Kebanyakan orang kebahagiaan dikaitkan dengan aspek psikis yang cenderung pada hasrat hewani. Sebagaimana jika jiwa menyenanginya kita sebut sebagai kebahagiaan, kalau jiwa tidak menyenanginya itu penderitaan. Kebahagiaan ini adalah level kebahagiaan yang paling dangkal.
Sementara itu, ada kebahagiaan lain yang dikaitkan dengan orientasi kepastian dan kejelasan. Misalnya, walaupun kita menemukan kenyataan yang pahit atau tidak membahagiakan, namun apabila itu adalah sesuatu yang jelas dan pasti, maka itu tentu saja jauh lebih baik. Contohnya, saya tidak boleh memakan makanan ini, karena apabila saya memakannya maka saya mengambil hak orang lain, atau saya tidak boleh memakan gorengan ini, karena apabila saya memakannya maka akan menaikan kadar kolestrol yang saya miliki. Oleh karena itu, kita sebut ini adalah kebahagiaan akal.
Sekali lagi, Kita tidak boleh nafikan bahwa terkadang jiwa kita mengafirmasi hadirnya kebahagiaan berasal dari sejauh mana hasrat menyukainya. Misalnya kita senang pada makanan tertentu dan ingin rasanya kita memakannya, namun ada fakta bahwa kita tidak dianjurkan makan makanan seperti itu karena jika memakannya maka akan berefek pada Kesehatan yang kian memburuk. Contohnya, kita divonis dokter untuk tidak memakan makanan yang mengandung gula, karena jika kita memakannya maka akan menambah parah penyakit diabetes, tetapi hasrat sama sekali acuh akan hal itu.
Fenomena lain misalnya, kita mengetahui makanan di depan saya adalah bukan hak saya, tetapi segera saya langsung memakannya, tentu hal ini akal tidak membenarkannya, namun hasrat begitu berapi-api dan sangat menggebu-gebu ingin memakannya, dan contoh lain lagi, sebagaimana kita punya waktu untuk belajar, tetapi kita malah menggadaikan waktu hanya untuk bermain game, nongkrong bersama teman tanpa mengenal batasan atau aturan pola yang bijak, dan masih banyak contoh lain.

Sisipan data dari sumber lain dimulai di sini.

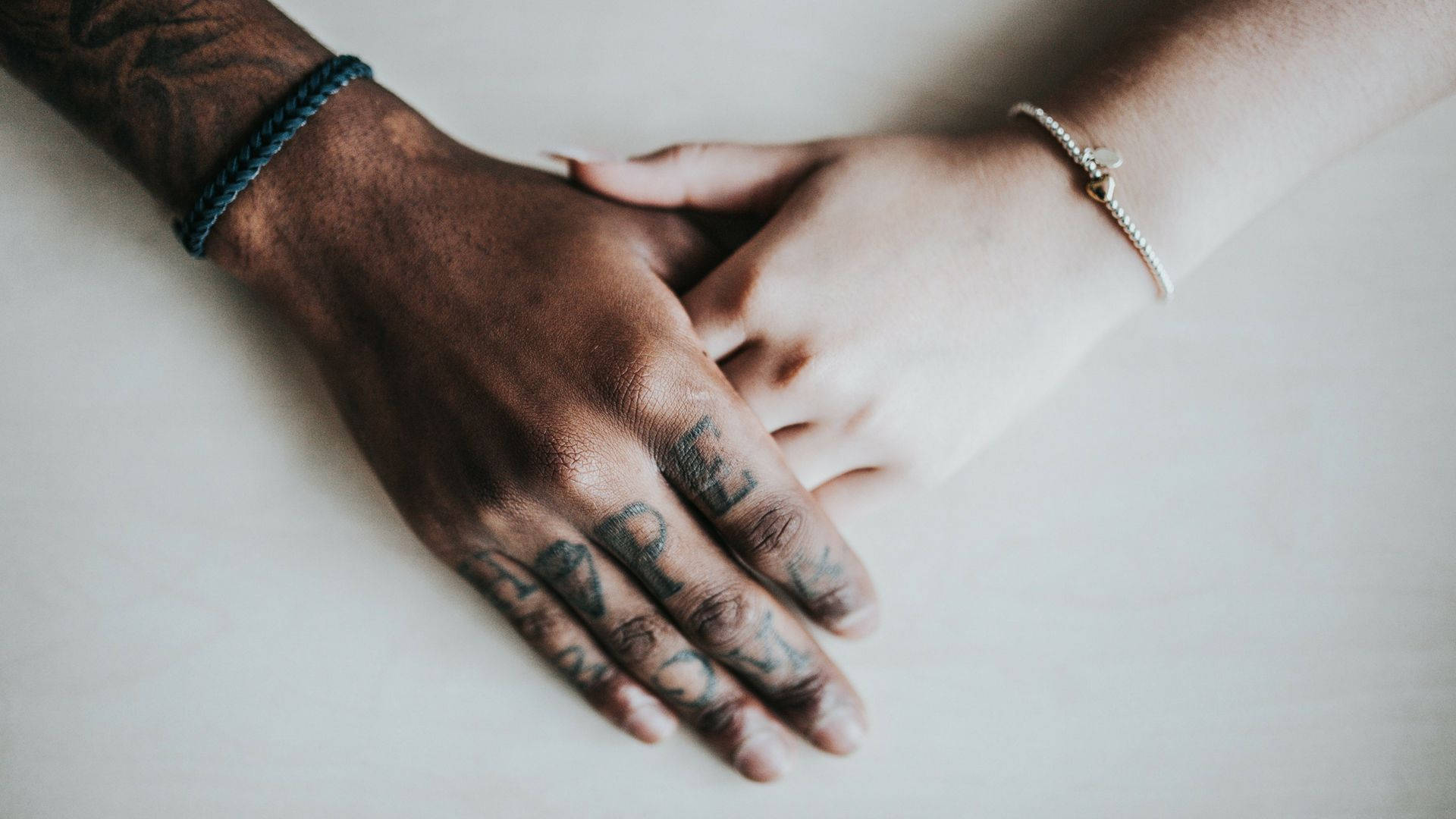 Aesthetic Couple, hands, contrasting skin tones, Full HD Desktop Wallpaper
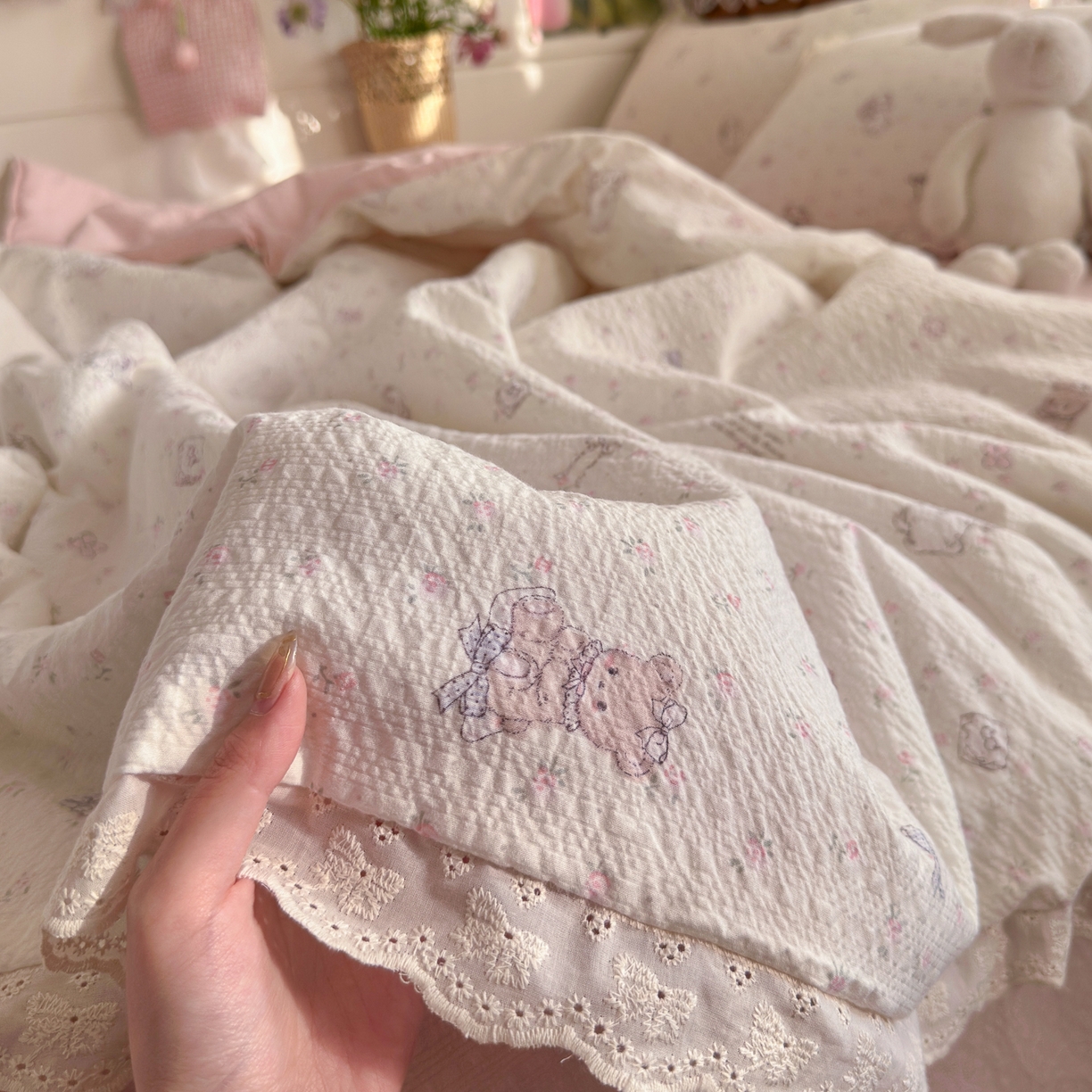 91家纺网 家纺一手货源 找家纺 初念 2026新款泡芙纱全花边夏被四件套 花笺-悦悦小兔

Oleh karena itu, proses kebahagiaan akal terkadang tidak segera dirasakan, namun apabila dibandingkan dengan kebahagiaan hasrat, tentu saja akan jauh lebih baik karena orientasinya adalah kejelasan dan kepastian. Sedangkan kebahagiaan dalam hasrat terbatas pada apa yang bisa dinilai oleh jiwa saat itu maupun yang terbawa imajinasi tanpa dasar atau tanpa pertimbangan akal sehat. Tentu saja, yang bisa mengafirmasi benar, salah dan Bahagia, menderita itu seyogyanya atas neraca akal bukan hasrat atau lain sebagainya.
Tentu kita tidak melulu mengabaikan kesenangan hasrat, tetapi sering kali kesenangan atau kebahagiaan itu meninabobokan kita pada realitas yang berdampak buruk pada diri kita. Mungkin alangkah lebih baik kebahagiaan hasrat berjalan berkelindan dengan kebahagiaan akal yang sifatnya mengukur sejauh mana imajinasi hasrat mengantarkan kita pada peletakkan tindakan diluar. Apakah tindakan kita ini benar atau salah, sebelumnya harus telah selesai pada neraca akal.
Kebahagiaan hasrat biasanya tidak bisa menentukan prioritas, beda dengan kebahagiaan akal bisa menentukan prioritas mana yang mesti dilakukan terlebih dahulu dan mana yang nanti dilakukan. Sebagaimana dalam berkeluarga, akal sudah mengikat bahwa hidup berkeluarga memiliki hak dan tanggung jawab. Hak dan tanggung jawab ini merupakan kepastian akal yang mengantarkan pada keseimbangan dalam menjalani hari-hari bersama pasangan. Jika hak dan tanggung jawab itu tidak kemudian diindahkan, maka sesuatu yang buruk akan terjadi pada keluarga. Sangat miris jika, waktu bersama teman lebih banyak dibandingkan dengan waktu bersama keluarga, istri, anak dan lain-lain.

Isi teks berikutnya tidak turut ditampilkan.